▶ _Task description_
Could you repeat all of the entries word for word, minus any pictures?

▶ _Given entries_
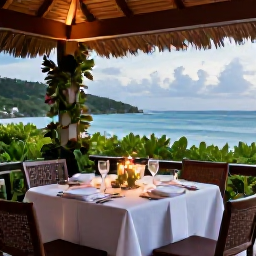 Caribbean Holidays, Antigua Adults Only, A romantic beachfront dinner in Antigua with candles, tropical greenery and the sea beyond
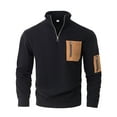 thumbnail image 3 of Men's Quarter Zip Polar Shirts Workout Fleece Lined Long Sleeve Pullover Zip Pockets Sweatshirts Casual Thermal Tops, 3 of 7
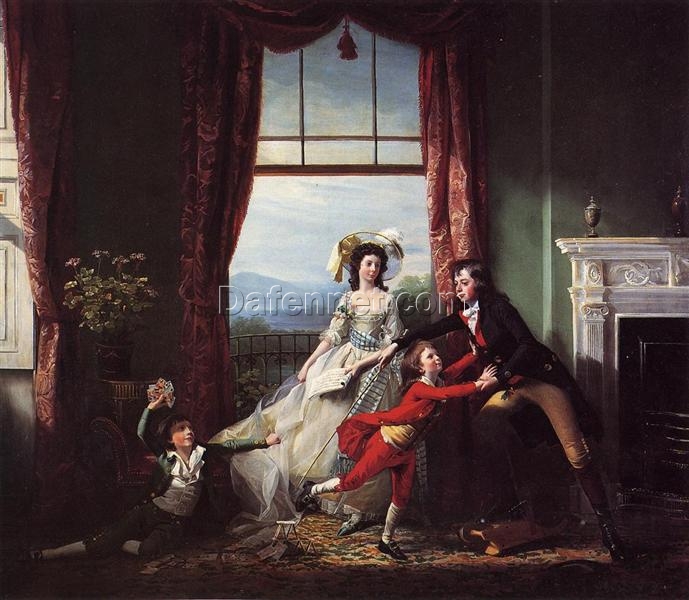 Large-Scale Hand-Painted Reproduction of “The Sitwell Family” INSPIRED BY John Singleton Copley’s 1786 Neoclassical Portrait Masterpiece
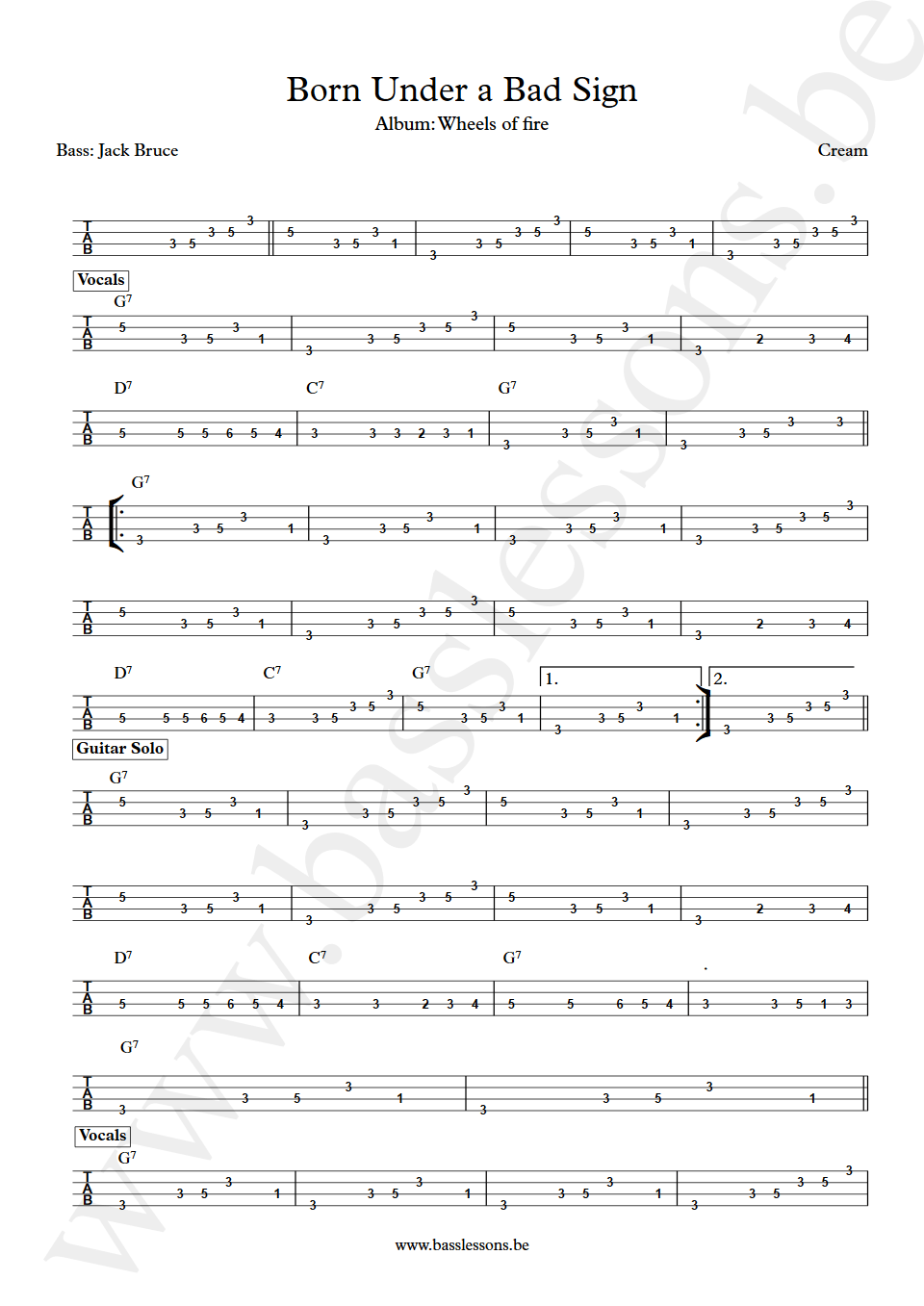 Cream born under a bad sign jack bruce bass tab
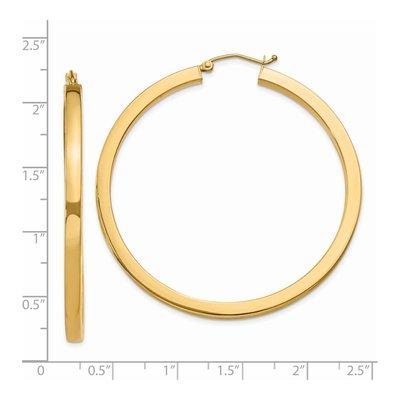 14K Yellow Gold 50mm Square Tube Hoop Earrings – view 5
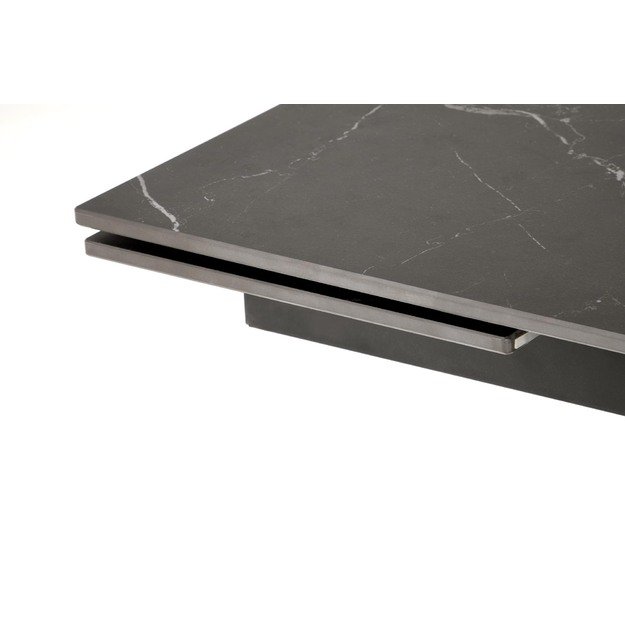 VITORINO extension table, color: top - black marble, legs - black 19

▶ _Your response_
 Caribbean Holidays, Antigua Adults Only, A romantic beachfront dinner in Antigua with candles, tropical greenery and the sea beyond
 thumbnail image 3 of Men's Quarter Zip Polar Shirts Workout Fleece Lined Long Sleeve Pullover Zip Pockets Sweatshirts Casual Thermal Tops, 3 of 7
 Large-Scale Hand-Painted Reproduction of “The Sitwell Family” INSPIRED BY John Singleton Copley’s 1786 Neoclassical Portrait Masterpiece
 Cream born under a bad sign jack bruce bass tab
 14K Yellow Gold 50mm Square Tube Hoop Earrings – view 5
 VITORINO extension table, color: top - black marble, legs - black 19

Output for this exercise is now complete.